I offered them relief.
Processing power? Not the problem.
The real problem was invisible work. In their world, work only became “real” when someone printed it, left it unread as a reminder, or added a post-it to some dark corner of their brain for later.
Think a very physical kanban board, but instead of cards, printed sheets of paper, and instead of columns and swimlanes, people’s desks. In different physical locations.
That is not a reliable workflow, especially when there are remote employees involved.
The moment you try to automate a setup like that, everything feels fragile. Where did that paper go? How did you decide it needed to go there? How do you know the person actually read it?
So my job became clear:
Make work visible, owned, and traceable.
Then remove manual handling without breaking the pace that keeps their clients happy.
The mindset shift
If you want to help a team like this, you do not begin by telling them to work differently. They’ve been successful and profitable for decades. If you parachute in and say “you should do X”, they will tell you to buzz off - and rightfully so.
If you’re serious about implementing change, you must begin by changing what they can see.
What’s the smallest possible change with the biggest impact?

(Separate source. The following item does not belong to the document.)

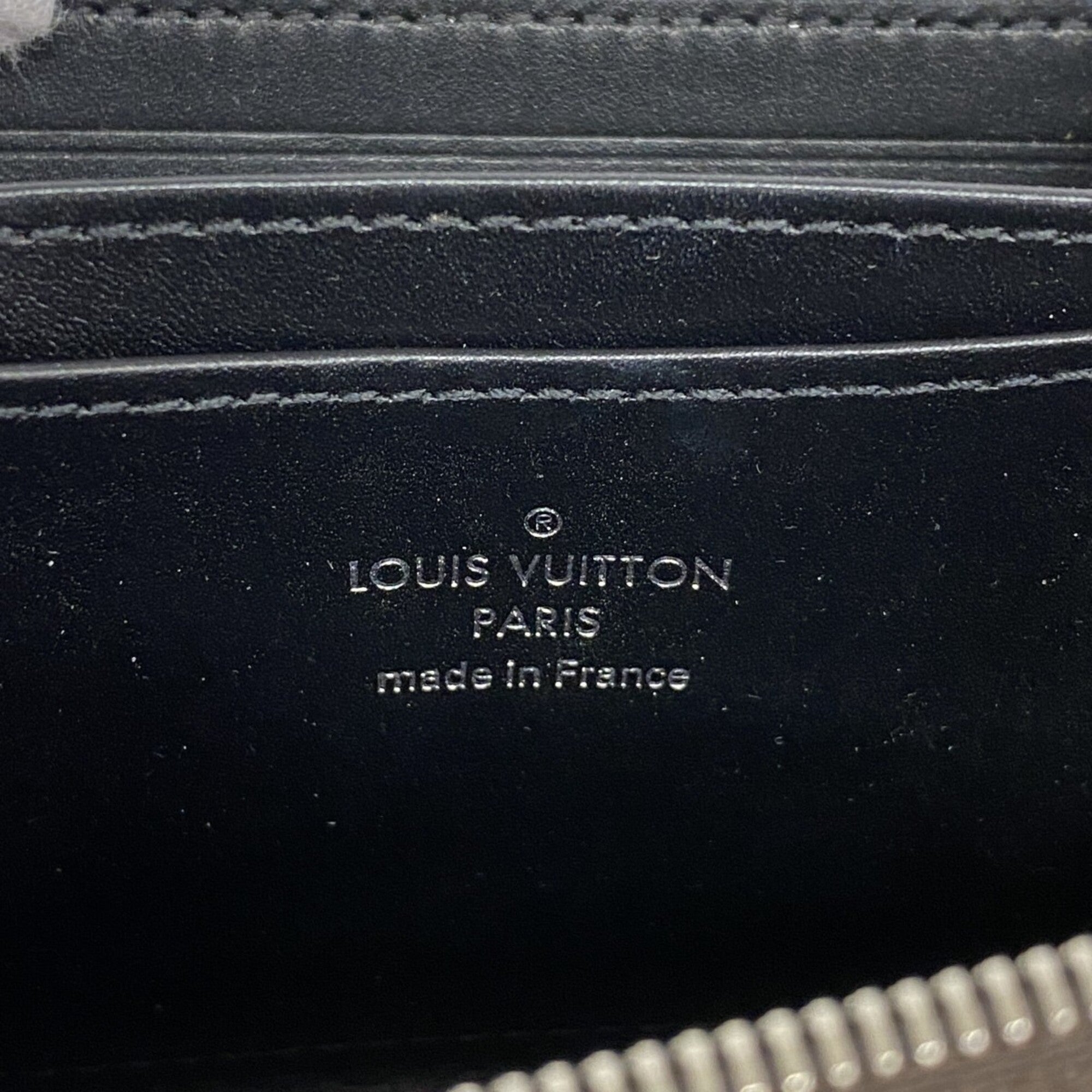 Louis Vuitton Brown Coin Purse/Coin Case (Pre-Owned)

In this case, it was making all pieces of paper, from all desks, visible. Everyone knows where each paper is, who’s working on it, and what happens next.

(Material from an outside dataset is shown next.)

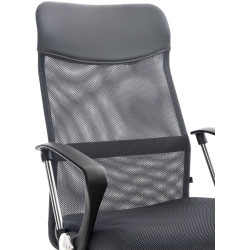 Chaise de bureau Washington V2 gris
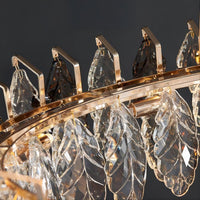 KARELLA Ring Chandelier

Your basic task management system, fed from the mailbox that fuels the business.
We did it with tools they already used, inside the environment they already trusted. No Trello, Jira, ClickUp. The last thing they need in this scenario is to add the psychological pressure of learning a new tool.
So the first constraint was: No new platform, no extra logins, no culture war.
Then we removed the worst manual work
Most teams mess up when they try to automate judgment. We automated mechanics only. All the repetitive handling that eats hours and adds risk of human error:
Saving attachments
Copying documents into the right folders.
Forwarding the same patterns of emails to the same people.
Printing as a way to remember.
Running the same “check this, then route that” routine dozens of times a day.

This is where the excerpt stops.